* Stored data *

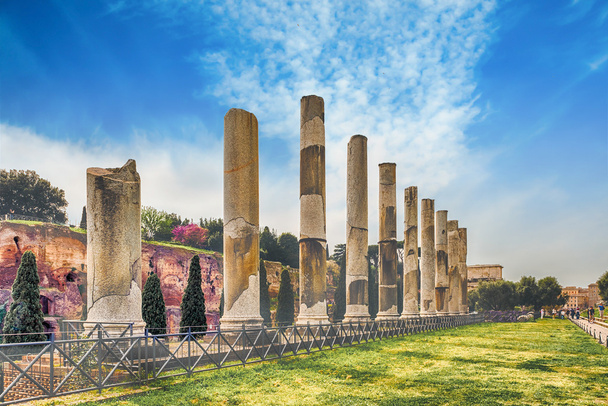 Antiguas columnas del Templo de Venus, Roma, Italia
 - Foto, imagen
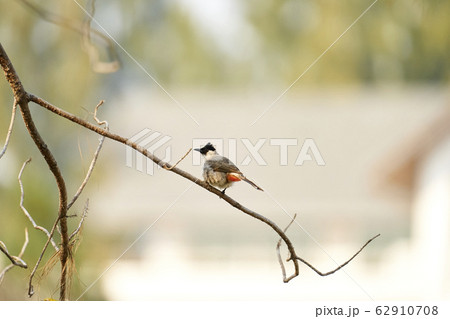 Beautiful lanscape nature in Khaokao hightland, Thailand. 62910708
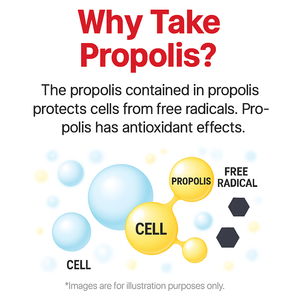 Comprimés de Propolis OEM avec Calcium, Vitamine C et Flavonoïdes – Complément Quotidien pour la Santé Dentaire et Osseuse des Adultes – Fabriqué en Corée – 1250mg - Product Image 2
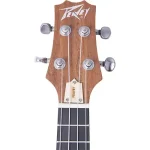 יוקלילי סופרן Peavey Delta Woods Student – תמונה 4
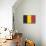 Belgium Country Flag - Letterpress-Lantern Press-Mounted Art Print displayed on a wall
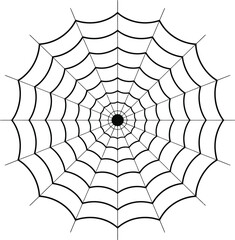 Obraz premium Detailed circular spiderweb design element with black lines on transparent background silhouette
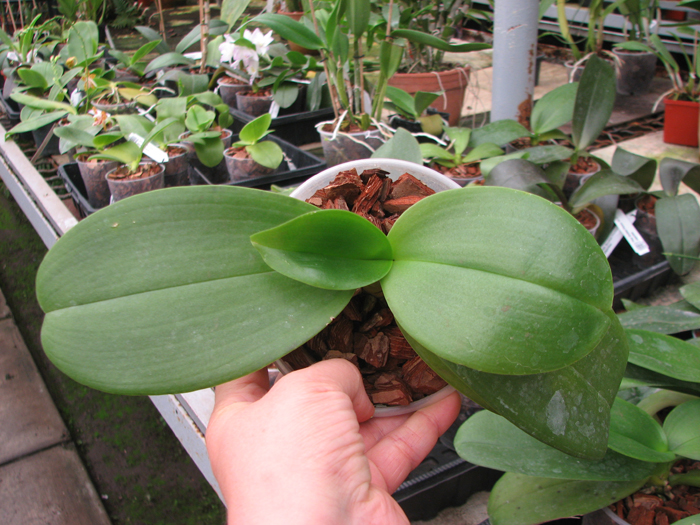 Phalaenopsis Mituo Golden 'M-2'.jpg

* What the exercise asks *
Give the records a second time exactly, keeping the images out.

* Output of the exercise *
 Antiguas columnas del Templo de Venus, Roma, Italia
 - Foto, imagen
 Beautiful lanscape nature in Khaokao hightland, Thailand. 62910708
 Comprimés de Propolis OEM avec Calcium, Vitamine C et Flavonoïdes – Complément Quotidien pour la Santé Dentaire et Osseuse des Adultes – Fabriqué en Corée – 1250mg - Product Image 2
 יוקלילי סופרן Peavey Delta Woods Student – תמונה 4
 Belgium Country Flag - Letterpress-Lantern Press-Mounted Art Print displayed on a wall
 Obraz premium Detailed circular spiderweb design element with black lines on transparent background silhouette
 Phalaenopsis Mituo Golden 'M-2'.jpg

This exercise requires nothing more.